Question

How is boron obtained from borax? Give chemical equations with reaction conditions. Write the structure of ${\text{B}}_{\text{2}}{\text{H}}_{\text{6}}$ and its reaction with $\text{HCl}$.

Answer 1

Hint: To solve this we must know that borax is sodium tetraborate. ${\text{B}}_{\text{2}}{\text{H}}_{\text{6}}$ is known as diborane. In the structure of diborane, there are four terminal hydrogen atoms. Two hydrogen atoms are in a ring with the two boron atoms.

Complete answer:
We know that borax is sodium tetraborate.

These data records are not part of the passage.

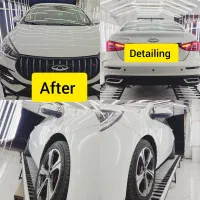 واکس و پولیش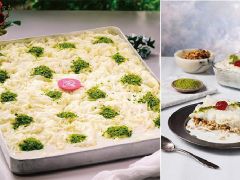 Kat kat hafif, kat kat klâsik, kat kat tatlı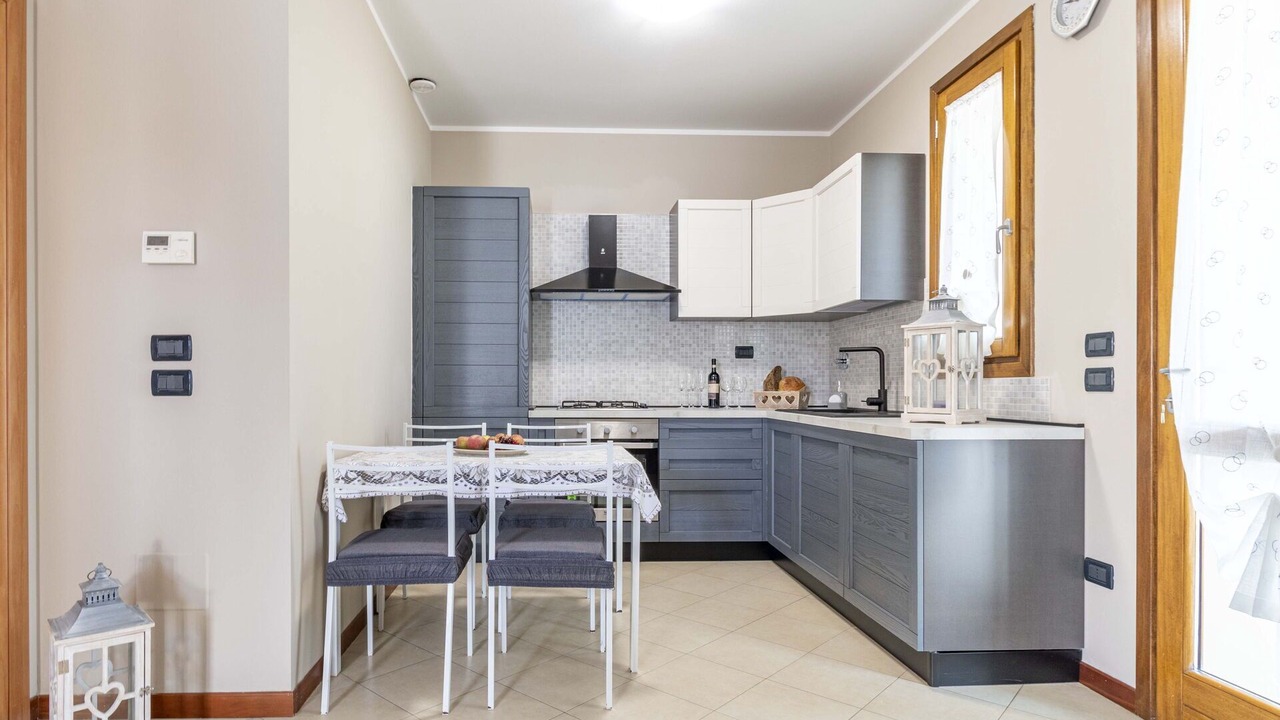 Photo of Livingroom in Larciano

The chemical formula for borax is $\text{N}{\text{a}}_{\text{2}}{\text{B}}_{\text{4}}{\text{O}}_{\text{7}}$.
Boron is obtained from borax or sodium tetraborate using the procedure as follows:
First borax is heated with concentrated hydrochloric acid or concentrated sulphuric acid. In the reaction, boric acid $\left({\text{H}}_{\text{2}}{\text{B}}_{\text{4}}{\text{O}}_{\text{7}}\right)$ is produced.
The reaction is as follows: $\text{N}{\text{a}}_{\text{2}}{\text{B}}_{\text{4}}{\text{O}}_{\text{7}}+\text{2HCl}\to \text{2NaCl}+{\text{H}}_{\text{2}}{\text{B}}_{\text{4}}{\text{O}}_{\text{7}}$

The boric acid formed then reacts with water and orthoboric acid $\left({\text{H}}_{\text{3}}\text{B}{\text{O}}_{\text{3}}\right)$ separates out.
The reaction is as follows: ${\text{H}}_{\text{2}}{\text{B}}_{\text{4}}{\text{O}}_{\text{7}}+\text{5}{\text{H}}_{\text{2}}\text{O}\to \text{4}{\text{H}}_{\text{3}}\text{B}{\text{O}}_{\text{3}}$

Orthoboric acid is strongly heated and boric anhydride $\left({\text{B}}_{\text{2}}{\text{O}}_{\text{3}}\right)$ is produced.
The reaction is as follows: $\text{2}{\text{H}}_{\text{3}}\text{B}{\text{O}}_{\text{3}}\to {\text{B}}_{\text{2}}{\text{O}}_{\text{3}}+\text{3}{\text{H}}_{\text{2}}\text{O}$

Boric anhydride is then reduced with metals like sodium or potassium or magnesium to obtain boron.
The reaction is as follows: ${\text{B}}_{\text{2}}{\text{O}}_{\text{3}}+\text{6Na}\to \text{2B}+\text{3N}{\text{a}}_{\text{2}}\text{O}$

The structure of diborane $\left({\text{B}}_{\text{2}}{\text{H}}_{\text{6}}\right)$ is as follows:

In the structure of diborane, there are four terminal hydrogen atoms. Two hydrogen atoms are in a ring with the two boron atoms. When a bond is formed between boron and the terminal hydrogen, one electron is shared by the boron atom and one electron is shared by the hydrogen atom. Thus, two atoms get bonded by sharing two electrons. Thus, the bonds formed between boron atoms and the terminal hydrogen atoms are 2-centre, 2-electron bonds.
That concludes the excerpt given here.